JBoss.org Community Documentation

Chapter 36. Asynchronous proxy for EJBs - JBoss specific extension to EJB3

A JBoss extension to EJB 3.0 is that from the remote or local interface of a stateful session bean, stateless session bean or service bean you can obtain an asynchronous proxy. Methods called on the asynchronous proxy will be executed asynchronously, and the results can be obtained later on.


This JBoss specific feature of obtaining a asynchronous proxy to invoke any method on the bean asynchronously is NOT the same as the Asynchronous Methods feature in EJB 3.1. In EJB 3.1, you can mark your bean business methods to be asynchronous by using the @Asynchronous annotation.

Example :

Take a look at org.jboss.tutorial.asynch.bean.Echo and org.jboss.tutorial.asynch.bean.EchoBean. They define a normal stateless session bean with a remote interface, nothing special.

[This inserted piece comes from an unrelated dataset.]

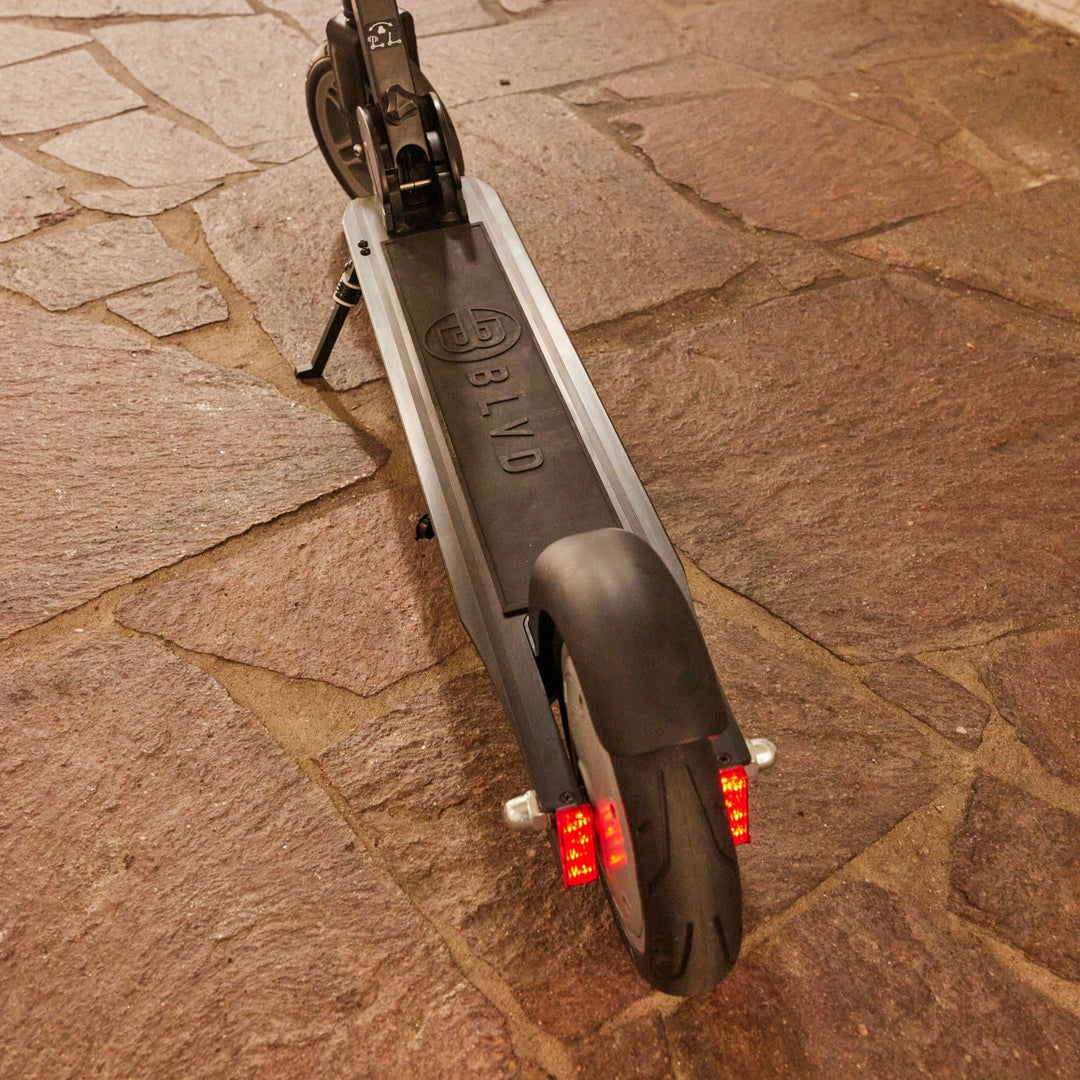 blvd forge electric scooter deck with tail lights on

Now take a look at org.jboss.tutorial.asynch.client.Client. It shows an example of asynchronous calls on a remote interface. We will walk through what it does here. The following lines just obtain the remote interface of the bean and call a method following the standard synchronous usage pattern:

InitialContext ctx = new InitialContext();
Echo echo = (Echo) ctx.lookup("EchoBean/remote");
System.out.println("-------- Synchronous call");
String ret = echo.echo("normal call");



Next we obtain the asynchronous proxy and make a call via that. The method will be invoked asynchronously :

Echo asynchEcho = org.jboss.ejb3.common.proxy.plugins.async.AsyncUtils.mixinAsync(echo);
System.out.println("-------- Asynchronous call");
ret = asynchEcho.echo("asynchronous call");
System.out.println("Direct return of async invocation is: " + ret);


We use the org.jboss.ejb3.common.proxy.plugins.async.AsyncUtils's mixinAsync method to create the asynchronous proxy. All methods invoked on this proxy are invoked asynchronously, and the returned value will always be null (or 0 in the case of numeric primitive types). In this example, the echo() method called has low overhead, but imagine if this was a method that took a long time. In this case it would be good to be able to go ahead with some other tasks.

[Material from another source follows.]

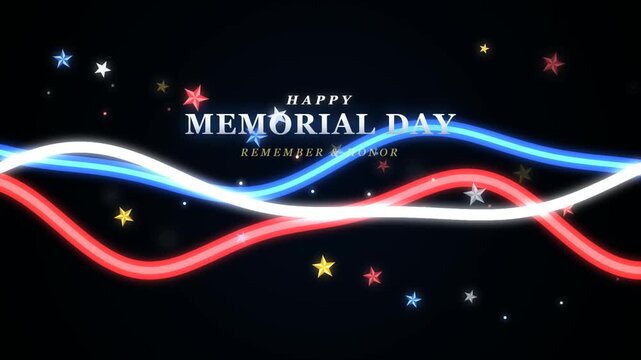 Happy memorial day greeting card with red white and blue glowing wavy lines and stars on a black background 4K Motion Video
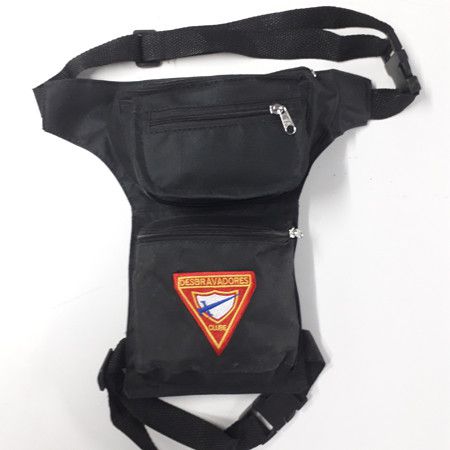 Pochete de perna feminina com múltiplos compartimentos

In Client.java, we make another call on the normal remote interface while "waiting" for the asynchronous call:

System.out.println("-------- Synchronous call");
ret = echo.echo("normal call 2");

Now that we have finished everything we want to do, while waiting for the asynchronus call to complete, we invoke the getFutureResult(asynchProxy) API on the org.jboss.ejb3.common.proxy.plugins.async.AsyncUtils. This will return us an instance of java.util.concurrent.Future. To obtain the final result of the asynchronous call, we invoke the get() API on the returned java.util.concurrent.Future object.

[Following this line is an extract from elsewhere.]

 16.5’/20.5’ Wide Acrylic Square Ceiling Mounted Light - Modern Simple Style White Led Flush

System.out.println("-------- Result of Asynchronous call");
Future<String> future = (Future<String>) AsyncUtils.getFutureResult(asynchEcho);

// blocking call
ret = (String) future.get();



The java.util.concurrent.Future.get() API is blocking and if the asynchronous operation is not yet done, it will wait for the operation to complete.

Building and Running

From the command prompt, move to the "asynch" folder under the Section 1.3, “Set the EJB3_TUTORIAL_HOME”

Ant Users:

Make sure your JBossAS-5.x is running

$ ant
$ ant run

     [java] -------- Synchronous call
     [java] normal call
     [java] -------- Asynchronous call
     [java] Direct return of async invocation is: null
     [java] -------- Synchronous call
     [java] normal call 2
     [java] -------- Result of Asynchronous call
     [java] asynchronous call

Maven Users: Make sure the AS is not running.